→ **INSTRUCTIONS FOR THE TASK**: Using the data below, transcribe exactly everything from the line that contains "100 lieux incontournables en Normandie" down to the line that contains "Rock Stars Do". Include both of those lines and none of the pictures.

→ **DATASET**:
━━━━━━━━━━━━━━━━

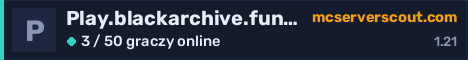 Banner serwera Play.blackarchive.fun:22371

━━━━━━━━━━━━━━━━

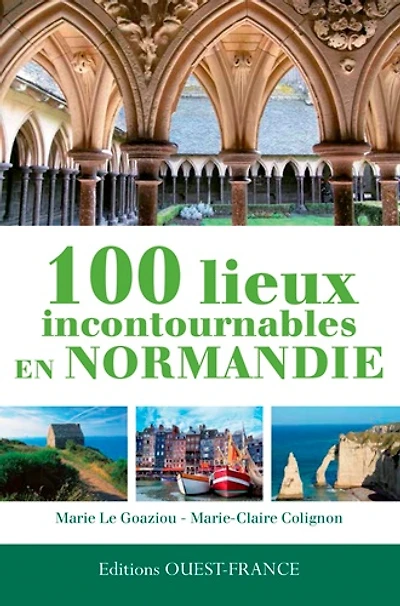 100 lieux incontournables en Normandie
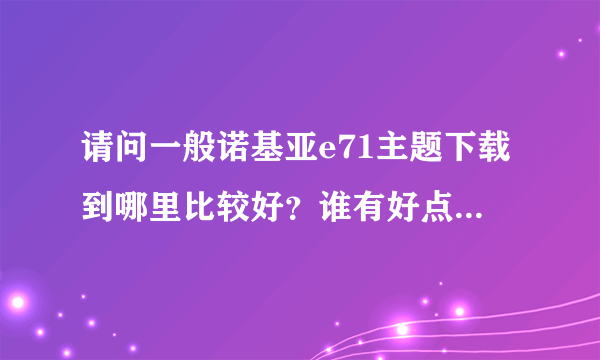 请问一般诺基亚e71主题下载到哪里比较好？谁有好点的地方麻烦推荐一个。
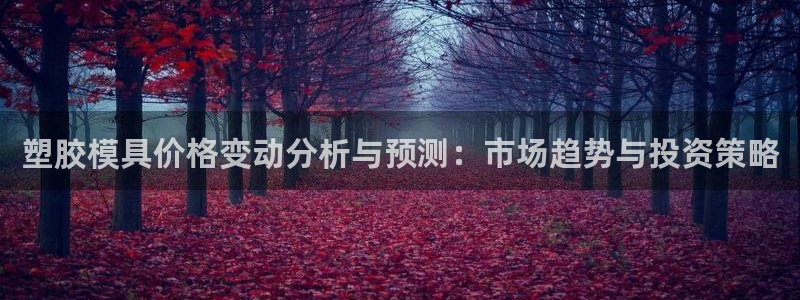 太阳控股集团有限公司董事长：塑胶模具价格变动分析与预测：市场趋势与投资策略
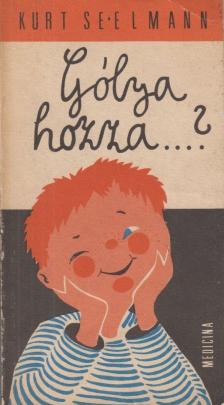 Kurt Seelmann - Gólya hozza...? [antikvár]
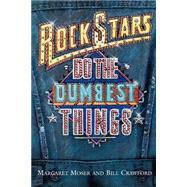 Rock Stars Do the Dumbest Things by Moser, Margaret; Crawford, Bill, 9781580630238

━━━━━━━━━━━━━━━━

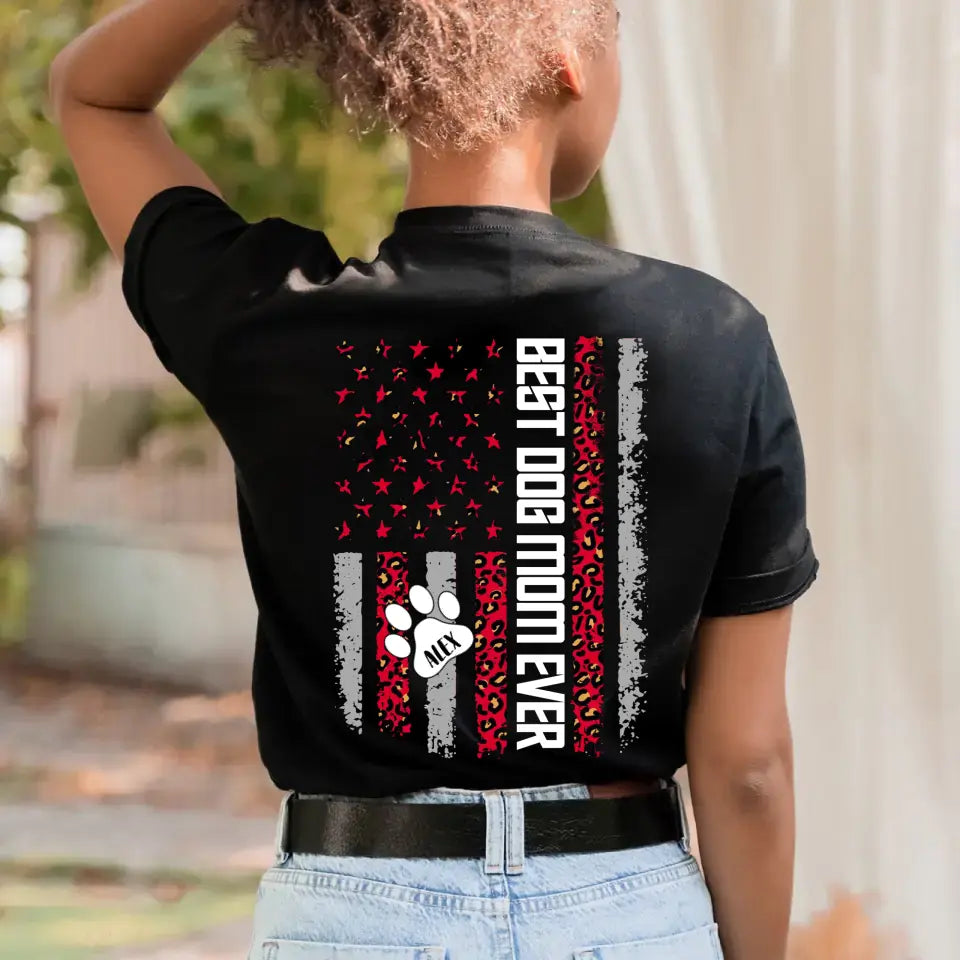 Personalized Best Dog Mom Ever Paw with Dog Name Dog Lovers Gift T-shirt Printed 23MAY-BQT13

━━━━━━━━━━━━━━━━

→ **RESPONSE BELOW**:
 100 lieux incontournables en Normandie
 请问一般诺基亚e71主题下载到哪里比较好？谁有好点的地方麻烦推荐一个。
 太阳控股集团有限公司董事长：塑胶模具价格变动分析与预测：市场趋势与投资策略
 Kurt Seelmann - Gólya hozza...? [antikvár]
 Rock Stars Do the Dumbest Things by Moser, Margaret; Crawford, Bill, 9781580630238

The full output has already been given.